General information
- Status: Destroyed
- Location: Mladějov-Roveň, Hradec Králové Region, Czech Republic
- Coordinates: 50°30′10″N 15°11′57″E﻿ / ﻿50.50278°N 15.19917°E
- Year built: Late 13th century

= Nebákov Castle =

Former castle in the Czech Republic

Nebákov Castle is a small ruined castle in the municipality of Mladějov in the Hradec Králové Region of the Czech Republic. It was built in the 13th century and became a ruin at the end of the 15th century.

==History==
Nebákov was built in the mid-13th century on a narrow promotory overlooking the Žehrovka Stream and the fishpond Nebákov. Nebákov was first mentioned in 1455 as the property of the widow Machna of Nová Ves. The castle likely burned down by the end of the 15th century and by 1538 is said to have been fully abandoned.

== Description ==
The remains of the castle stand on a narrow promontory above the confluence of the Žehrovka Stream and a nameless stream and follow a donjon-type layout. The site is essentially divided into three parts. The front section, separated from the mainland by an isthmus ditch, formed the main core of the castle.

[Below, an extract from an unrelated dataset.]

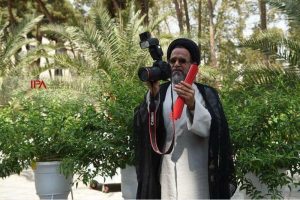 کاندیداهای احتمالی 1400 – سیدمحمود علوی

This area was constructed in an unusual manner: the natural rock was leveled and hewn along the sides, a perimeter wall was then built to enclose the space, and the interior was subsequently filled with earth. On this artificially created platform stood a large building, probably a half-timbered residential tower with an adjoining extension founded eccentrically rather than centrally. Access was provided by a staircase cut directly into the rock. The perimeter of the tower was almost certainly fenced off due to the elevation of the surrounding terrain and ditch.

The middle section preserves the remains of two rooms, probably basements, also carved into the rock. The rear section, separated by a ditch, consists of a rocky, mound-like formation that once supported a wooden structure.

Remains of mortar and High medieval pottery were found throughout the ruins during excavations in 1925–1927 and 1973.

== In popular culture ==
Nebákov is a primary location in the game Kingdom Come: Deliverance II.